Anyone for some more pain in Slane?
There’s a report from Tim O’Brien in this morning’s paper as this story shows no signs of going away. Venue owner Lord Henry Mount Charles is not a happy bunny about the amount of post-gig complaints and criticisms which the …
There’s a report from Tim O’Brien in this morning’s paper as this story shows no signs of going away.
Venue owner Lord Henry Mount Charles is not a happy bunny about the amount of post-gig complaints and criticisms which the Oasis gig has provoked. Per the report, “he had become “extremely concerned” to hear of concert-goers’ bad experiences, largely though the media, in the wake of the event. The complaints mainly related to crowd control issues, which Lord Mount Charles put down to “a failure of systems, particularly around what people are now calling the Dublin gate. I am talking to those involved and I am far from happy – I say that as an understatement.
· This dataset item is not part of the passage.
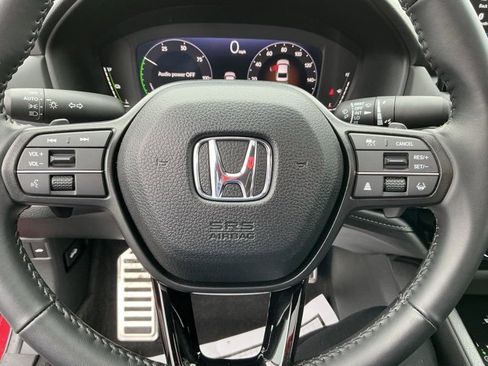 Used 2025 Honda Accord Sport image 31
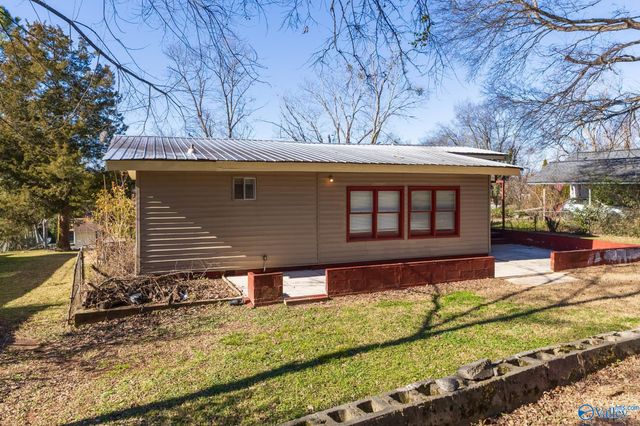 2710 Dry Creek Drive NW, Huntsville, AL 35810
“Quite certainly there are implications for future concerts at Slane, and I regret the awful shame and the damage to the reputation of Slane Castle as an international venue. I will be looking with care to obviously avoid that in the future”.
Meanwhile, spokesdude for promoters MCD, Justin Green, repeats the admission earlier in the week that ticket scanning had been temporarily suspended at one entrance for about 30 minutes at 6.35pm to ease the build-up of people entering there. He does, though, point out that “at the same time the gate behind them at the bridge entrance was closed, thus ensuring that no one could enter the system knowing that ticket scanning had been temporarily suspended”.
I’ve been thinking a bit about the post-Slane fallout over the last 24 hours and a few things come to mind.
I did a behind-the-scenes piece at Oxegen in 2007 and had access to such areas as the event control room. That room had 17 monitors carrying footage from the different closed-circuit cameras around the site, while there was also a Garda control van outside the building monitoring feeds from different cameras around the racecourse. All footage was recorded and stored.
I would assume that there would be a similar amount of cameras and policing employed for an event like Slane, with its licence for 80,000 paying customers. If so, did experienced crowd control gardai and stewards not see a backlog developing and why did they not do something about it earlier? Surely stopping scanning tickets is a last resort and other more pro-active policing efforts could have been utilised, especially when you have so many surveillance cameras monitoring the site?
Of course, we have been here before. Over on the never-ending boards.ie thread, one poster remembers going to see Queen in Slane in 1986, an event which featured queues, trenches for toilets, fights amongst the audience, a beer-can thrown at Queen’s Brian May, a IR£14.50 ticket price and Chris Rea, while another poster recalls that “the buses and bars were a sham at REM in 1995.”
While some things have changed since then (you can now fume to Joe, for instance), the fact remains that you are always going to get problems at shows at Slane, by nature of the venue and the village where it is located. Remember, you’re building an one-off venue for 80,000 people in a hilly field in the middle of Co Meath so, of course, there’s going to be things which go wrong. After all, you’ll get infrastructural and crowd access problems of a similar hue at any large outdoor event which takes place in a venue which does not usually cater for that many people. Look at the traffic stories from Glastonbury and that festival hasn’t even kicked off yet.
Moreover, contrast a concert at Slane with a concert for a similar size at Croke Park. I live near Croker and, while it takes a little longer for the stadium to clear out after a concert than a GAA game, the systems are in place from weekly matches to make sure you don’t get problems like Oasis at Slane.
However, Lord Henry Mount Charles, MCD Concerts and all the other agencies who are involved in putting on events at Slane Castle have been doing this long enough to forsee such problems and make sure they don’t arise. After all, that’s what event management plans and event consultants are for – the latter put together the former plans which are supposed to take into account problems which arose at previous gigs at the venue, the profile of the crowd at the venue (you’d have a different plan in place for an Oasis show than you have for a Take That show) and other events around the gig (for instance, if there was a big sports event happening that day).
Such plans may not stop problems developing, but they sure as hell should be able to ensure that problems from previous years do not re-occur. And those problems are simply not going to go away if you avoid or ignore the legitimate concerns and issues of angry, paying customers.